Comparing the testing errors of the various methods, this time the binned expansions does noticeably worse than the other methods throughout the entire range of complexities. Otherwise, the two spline models are mostly equivalent in performance.

Finally, the variance of the binned model is also significantly worse in terms of variance than the other methods, while the two spline methodologies are equivalent.

## Conclusions

In this post we have compared four different approaches to capturing general non-linear behaviour in regression.

### Polynomial Regression

The major problem with polynomial regression is its instability once a moderate number of estimated parameters is reached. Polynomial regressions as highly sensitive to the noise in our data, and in every example were seen to eventually overfit violently; this feature was not seen in any of the other methods we surveyed.

The polynomial regression also does not accumulate variance uniformly throughout the support of the data. We saw that polynomial fits become highly unstable near the boundaries of the available data. This can be a serious issue in higher dimensional situations (though we did not explore this), where the curse of dimensionality tells us that the majority of our data will lie close to the boundary.

### Binning

Binning, which conceptually simple, was seen to suffer from a few issues in comparison to the other methods

• With a small number of estimated parameters, the binned regression suffered from a higher bias than its competitors. It was seen across multiple experiments to achieve its minimal hold out error at a larger number of estimated parameters than the other methods, and furthermore, often the minimal error achieved by the binning method was larger than the minimum achieved by the other methods.
• The binned regression’s hold out error often had a higher variance than the other method’s. This means that, even if it performed just as well as another method on average, any individual binned regression is less trustworthy than if using another method.

Additionally, the binned regression method has the disadvantage of producing discontinuous functions, while we expect most processes we encounter in nature or business to vary continuously in their inputs. This is philosophically unappealing, and also accounts for some of the bias seen when comparing the binning regressions to the other basis expansions.

### Linear and Cubic Splines

These methods performed well across the range of our experiments.

• They overfit slowly, especially compared to polynomial regression.
• They generally achieve a lower hold out error than the binned regressions, and achieve their minimum hold out error at a lower number of estimated parameters.
• Their hold out error is generally the lowest out of the methods we surveyed, making each individual regression more trustworthy.
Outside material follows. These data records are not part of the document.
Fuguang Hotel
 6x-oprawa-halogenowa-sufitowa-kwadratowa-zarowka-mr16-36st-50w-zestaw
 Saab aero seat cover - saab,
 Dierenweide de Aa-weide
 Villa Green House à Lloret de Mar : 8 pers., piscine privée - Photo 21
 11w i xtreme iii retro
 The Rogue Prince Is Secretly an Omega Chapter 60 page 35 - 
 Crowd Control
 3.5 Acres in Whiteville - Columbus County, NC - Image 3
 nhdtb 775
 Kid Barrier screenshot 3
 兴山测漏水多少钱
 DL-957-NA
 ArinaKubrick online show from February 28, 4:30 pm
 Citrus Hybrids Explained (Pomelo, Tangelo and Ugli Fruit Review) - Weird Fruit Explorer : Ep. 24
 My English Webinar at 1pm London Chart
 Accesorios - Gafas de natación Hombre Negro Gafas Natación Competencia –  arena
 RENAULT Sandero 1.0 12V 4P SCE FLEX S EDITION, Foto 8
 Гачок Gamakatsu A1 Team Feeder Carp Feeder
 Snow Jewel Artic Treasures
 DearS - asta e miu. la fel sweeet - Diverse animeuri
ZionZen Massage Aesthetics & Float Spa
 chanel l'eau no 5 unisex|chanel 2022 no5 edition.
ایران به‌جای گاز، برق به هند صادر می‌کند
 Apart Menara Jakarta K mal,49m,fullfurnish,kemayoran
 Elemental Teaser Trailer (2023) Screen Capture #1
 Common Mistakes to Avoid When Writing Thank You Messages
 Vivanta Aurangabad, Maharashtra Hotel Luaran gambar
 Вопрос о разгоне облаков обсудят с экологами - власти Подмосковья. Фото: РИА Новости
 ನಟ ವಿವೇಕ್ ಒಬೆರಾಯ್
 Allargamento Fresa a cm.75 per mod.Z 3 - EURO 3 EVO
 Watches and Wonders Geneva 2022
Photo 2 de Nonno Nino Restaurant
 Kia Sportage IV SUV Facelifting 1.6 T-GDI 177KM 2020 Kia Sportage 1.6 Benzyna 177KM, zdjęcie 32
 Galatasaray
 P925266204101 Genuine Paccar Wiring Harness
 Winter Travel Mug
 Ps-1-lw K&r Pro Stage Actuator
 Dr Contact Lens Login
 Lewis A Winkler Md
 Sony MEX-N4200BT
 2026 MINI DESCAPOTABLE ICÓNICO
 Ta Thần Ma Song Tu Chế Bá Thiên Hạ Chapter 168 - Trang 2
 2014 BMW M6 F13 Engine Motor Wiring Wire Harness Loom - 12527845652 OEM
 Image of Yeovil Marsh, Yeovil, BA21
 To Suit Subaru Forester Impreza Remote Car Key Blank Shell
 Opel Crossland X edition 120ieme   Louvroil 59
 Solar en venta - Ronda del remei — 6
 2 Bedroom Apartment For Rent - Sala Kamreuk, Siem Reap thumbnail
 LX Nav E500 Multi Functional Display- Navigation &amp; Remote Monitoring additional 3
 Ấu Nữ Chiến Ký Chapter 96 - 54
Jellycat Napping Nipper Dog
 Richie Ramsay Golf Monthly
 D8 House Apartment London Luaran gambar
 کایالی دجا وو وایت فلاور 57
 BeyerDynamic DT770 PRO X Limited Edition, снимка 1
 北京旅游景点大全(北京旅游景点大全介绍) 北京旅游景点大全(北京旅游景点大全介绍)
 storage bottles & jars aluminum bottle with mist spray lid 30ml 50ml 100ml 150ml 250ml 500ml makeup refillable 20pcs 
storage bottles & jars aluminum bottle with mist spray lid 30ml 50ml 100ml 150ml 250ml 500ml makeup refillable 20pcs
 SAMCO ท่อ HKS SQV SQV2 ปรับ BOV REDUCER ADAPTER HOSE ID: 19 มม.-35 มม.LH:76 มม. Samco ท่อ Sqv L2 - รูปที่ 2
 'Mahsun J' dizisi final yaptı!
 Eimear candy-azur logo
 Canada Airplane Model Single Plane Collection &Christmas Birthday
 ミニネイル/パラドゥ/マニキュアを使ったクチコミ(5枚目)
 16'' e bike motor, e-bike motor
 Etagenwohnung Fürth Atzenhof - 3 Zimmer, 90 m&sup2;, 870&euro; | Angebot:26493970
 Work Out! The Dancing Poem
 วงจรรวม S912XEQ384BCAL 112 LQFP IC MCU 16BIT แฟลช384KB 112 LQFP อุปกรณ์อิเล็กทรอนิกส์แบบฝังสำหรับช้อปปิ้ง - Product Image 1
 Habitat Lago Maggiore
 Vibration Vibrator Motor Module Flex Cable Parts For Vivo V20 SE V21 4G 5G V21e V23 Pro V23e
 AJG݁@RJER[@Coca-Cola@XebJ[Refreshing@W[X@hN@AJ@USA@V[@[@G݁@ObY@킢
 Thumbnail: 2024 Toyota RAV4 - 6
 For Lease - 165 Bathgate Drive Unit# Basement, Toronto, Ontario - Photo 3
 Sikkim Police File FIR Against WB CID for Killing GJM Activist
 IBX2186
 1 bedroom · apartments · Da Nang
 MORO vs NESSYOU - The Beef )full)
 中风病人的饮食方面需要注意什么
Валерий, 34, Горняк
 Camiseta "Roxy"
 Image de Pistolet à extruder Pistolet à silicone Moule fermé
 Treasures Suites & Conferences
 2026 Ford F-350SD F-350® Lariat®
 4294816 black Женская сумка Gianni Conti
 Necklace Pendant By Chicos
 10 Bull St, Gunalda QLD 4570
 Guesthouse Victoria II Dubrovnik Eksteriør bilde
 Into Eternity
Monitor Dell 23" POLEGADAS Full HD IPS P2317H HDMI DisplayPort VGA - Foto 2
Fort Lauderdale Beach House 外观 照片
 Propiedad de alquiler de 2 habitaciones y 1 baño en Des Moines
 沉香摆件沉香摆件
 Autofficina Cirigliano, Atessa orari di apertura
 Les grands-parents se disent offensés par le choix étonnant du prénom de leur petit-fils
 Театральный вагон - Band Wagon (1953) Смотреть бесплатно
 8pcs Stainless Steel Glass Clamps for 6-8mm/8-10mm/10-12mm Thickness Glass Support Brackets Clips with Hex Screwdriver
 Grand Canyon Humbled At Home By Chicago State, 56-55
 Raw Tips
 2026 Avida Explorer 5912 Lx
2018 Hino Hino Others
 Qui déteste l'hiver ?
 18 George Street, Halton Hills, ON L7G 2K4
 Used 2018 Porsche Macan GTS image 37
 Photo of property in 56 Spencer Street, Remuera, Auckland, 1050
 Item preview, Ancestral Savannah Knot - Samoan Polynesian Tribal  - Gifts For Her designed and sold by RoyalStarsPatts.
The two spline models are clear winners over the binned and polynomial regressions. It is a shame that they are often not taught in introductory courses in predictive modeling. The author sees no real reason to fit polynomial or binned expansions in any predictive or inferential model, and hopes that these methods will enter the standard curriculum taught to new users of regression methods. At the very least, we hope you will use these methods in your own modeling work.

1. Of course, to avoid numerical issues we follow the usual advice of standardizing a predictor before applying a polynomial expansion.

2. The training and testing data were both sampled from the same population. Each model was trained on 250 data points, and tested on 250 data points.

3. Each experiment (sampling train and test data, fitting the model to train, evaluating performance on the hold out) was performed 500 times.